Underground mapping News & views

Proposals for heavy fines over corporate manslaughter Wednesday 11 November, 2009

The NCE reports this week that companies and organisations that cause death through gross breaches of care should face punitive and significant fines of at least £500,000, following consultation proposals offered by the Sentencing Guidelines Council.

It believes fines for organisations found guilty of the new offence of corporate manslaughter may be measured in millions of pounds and should seldom be below £500,000.


It added that the new sanction of Publicity Orders forcing companies and organisations to make a statement about their conviction and fine introduced under the Corporate Manslaughter and Corporate Homicide Act should be imposed in virtually all cases. Organisations may be made to put a statement on their websites.


The guideline also deals with health and safety offences in the workplace that cause death. Fines in these cases should seldom be less than £100,000 and may be measured in hundreds of thousands of pounds or more, the Council proposes.


Factors increasing the seriousness of the offence identified by the Council include how foreseeable was serious injury, how common is the kind of breach of care in the organisation and how far up the organisation did the responsibility for the breach go. Other factors that aggravate the offence and may attract a larger fine include the number of deaths and serious injury caused, failure to heed warnings, cost-cutting or deliberate failure to obtain or comply with relevant licences. 


Once again the need to make those vital double checks before construction work begins is being backed up with real penalties if the failure to do so results in a fatality.  With the cost to check for underground services and hidden features reducing and the level of detail recorded increasing, the need to map almost all sites to aide Health and Safety is becoming a must.


As suggested in the HSG 47 publication Avoiding danger from underground services, anticipation and planning is key to maximising safety when undertaking any ground breaking works.


Council member and vice president of the Court of Appeal (Criminal Division) Lord Justice Anthony Hughes commented to the NCE: “The fine is designed to punish and these are serious offences so the fines imposed should be punitive and significant to reflect that.


Alison Gray, a specialist in health and safety law at solicitors Dickinson Dees, said to the NCE that the changes would significantly increase the fines faced by companies.
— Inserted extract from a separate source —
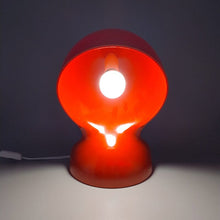 Load image into Gallery viewer, 1960s Original Red Dalù Table Lamp by Vico Magistretti for Artemide (Not a Replica) Madinteriorart by Maden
“Whilst the proposals fixing fines to a percentage of turnover have been dropped, which will be welcomed by larger companies, the draft guidance is clear that fines imposed by the Court must be punitive and must have an impact on the defendant. They will particularly have a dramatic effect on smaller businesses.


“Minimum fines of £500,000 for corporate manslaughter offences and £100,000 for health and safety offences are proposed but it is unlikely that fines will be kept near the minimum. 

“This is particularly significant for smaller companies as the changes could force them to pay significantly higher fines than at present.  With larger fines being spread over a long period of time, SMEs will potentially feel the burden of a sentence for a very long period of time.


 “In addition to financial penalties, the guidance suggests that Publicity Orders should ordinarily be imposed in all corporate manslaughter cases which will name and shame businesses. In reality this could have just as much, if not more, impact on a business than a financial penalty.”